Enhanced charge carrier lifetime and mobility as a result of Rb and Cs incorporation in hybrid perovskite

Alkali addition in organic-inorganic perovskite has become the standard recipe for achieving solar cells with efficiencies exceeding 20%, but the mechanism is not well understood. We use non-contact carrier lifetime measurements, mobility measurements, and synchrotron-based x-ray characterization techniques to show that there is a unique benefit to adding hybrid perovskite samples with Rb and Cs simultaneously. When either Rb or Cs is added, charge carrier mobility increases with alkali concentration.
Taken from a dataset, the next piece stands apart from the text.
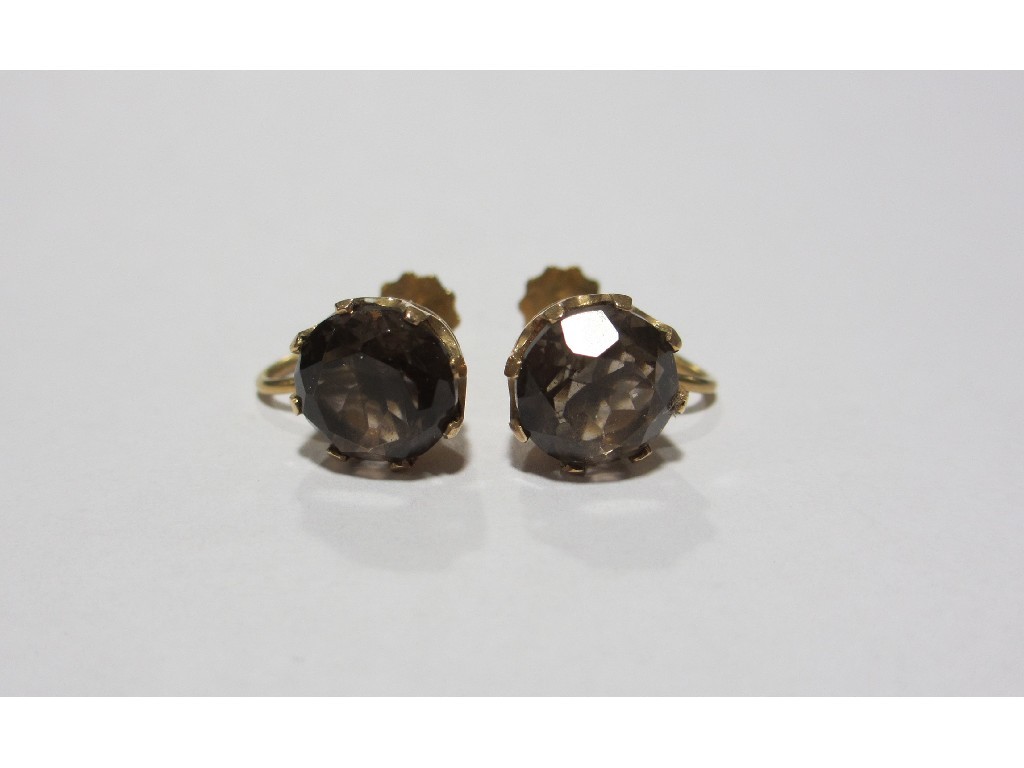 Appraisal: Pair of ct gold mounted smoky topaz screw on stud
Charge carrier lifetime benefits from alkali incorporation as well, but is optimized with only moderate concentration at 1%. When both Rb and Cs are introduced, however, the high mobility is maintained and the charge carrier lifetime increases considerably. Our results show that when incorporated alone, Rb and Cs have very similar roles in a perovskite crystal, but when co-added, halide distribution becomes homogenized correlating with improved charge transport properties.

Automated summary

Adding both Rb and Cs simultaneously to hybrid perovskite samples has been shown to increase carrier mobility and lifetime significantly, leading to improved charge transport properties. The roles of Rb and Cs in a perovskite crystal are similar when added alone, but their co-addition results in homogenized halide distribution, which is correlated with enhanced charge transport.